Es gefiel ihr, dass sie sich vom Therapeuten als kompetentes Individuum und nicht als armselige, depressive Patientin behandelt fühlte. Weil es darum ging, ihr zuzuhören, um ihre aktuelle Lebenslage zu verstehen und die Zusammenhänge mit dem ersten Auftreten und der Entwicklung der Symptome nachzuvollziehen, fühlte sie sich, als sei sie in eine Art Detektivarbeit eingebunden. Die Diagnose der Depression war dabei eher Mittel zum Zweck gewesen, eine Art Türöffner für ein neues Bewusstsein: Sie erkannte, dass ihr zu stark ausgeprägtes Pflichtbewusstsein dazu geführt hatte, dass viele ihrer eigenen Bedürfnisse auf der Strecke geblieben waren.
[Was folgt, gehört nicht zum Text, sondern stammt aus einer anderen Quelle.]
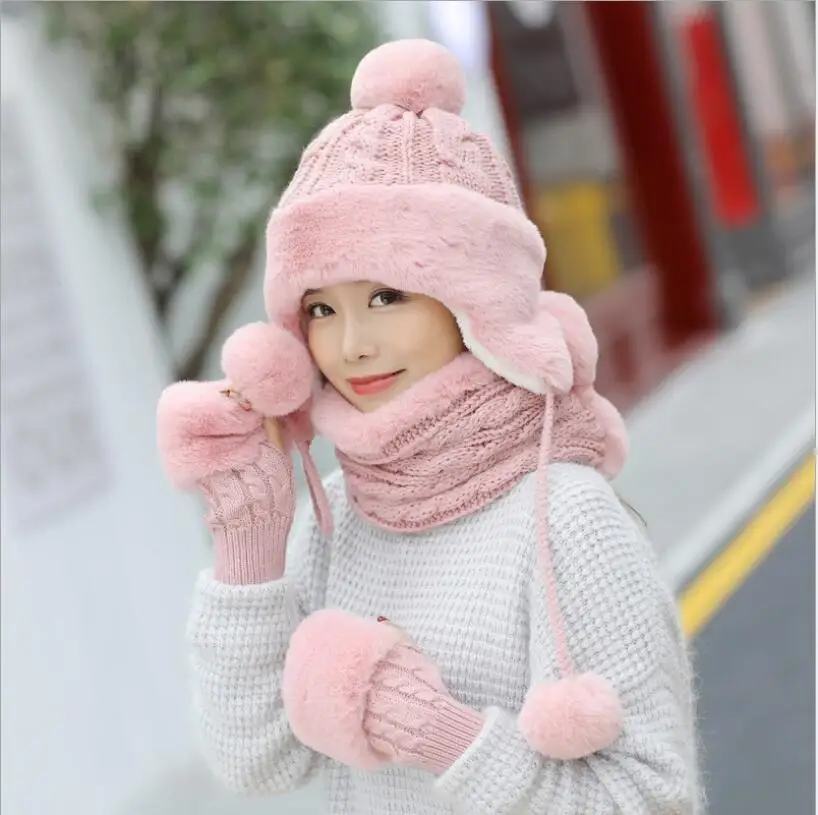 Woman Winter Knit Hat +Collar Gloves Sets Plus Velvet Padded Earmuffs Warm Fashion Beanies Scarf Glove Suits Girls Cap 
Woman Winter Knit Hat +Collar Gloves Sets Plus Velvet Padded Earmuffs Warm Fashion Beanies Scarf Glove Suits Girls Cap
Sie erlebte, dass der Therapeut nicht daran interessiert war, sie abzustempeln oder in eine Schublade zu stecken, sondern mit ihr gemeinsam herausfinden wollte, wie ihr Missmut zustande gekommen war, damit ihre eigenen Möglichkeiten, den Missmut an der Quelle zu stoppen, aktiviert werden konnten. Sie fand es auch sehr hilfreich, dass der Therapeut ein aktives und strukturiertes Vorgehen hatte. So konnten sie sich systematisch mit fünf wichtigen Lebensbereichen beschäftigen, nämlich: Arbeit, Partnerschaft, Freundschaften, Familie und Hobbies.

Es wurde schnell klar, dass die Unstimmigkeiten am Arbeitsplatz ganz ausschlaggebend für ihre Depression waren. Die Überforderung dort hatte sie deutlich mehr beeinflusst, als sie sich selbst bis dahin eingestehen konnte. Noch wichtiger war die Erkenntnis, dass ihr eigenes Pflichtbewusstsein sie sehr anfällig für Depression machte, denn es fiel ihr zu schwer, an ihrem überfordernden Arbeitsplatz Grenzen zu setzen, um für ihr eigenes Wohlergehen zu sorgen. Dass sie die Aufgaben ihrer Kollegin während deren Urlaubs übernimmt und versucht, alles zu tun, was ihr Chef von ihr verlangt, war einfach selbstverständlich für sie gewesen.

Ihr wurde zum ersten Mal im Leben in aller Deutlichkeit klar, dass sie ohne Rücksicht auf ihre eigenen Grenzen und Ressourcen handelte und im Dienste der anderen stand, auch wenn sie dabei offensichtlich selbst viel zu kurz kam oder sogar ausgebeutet wurde.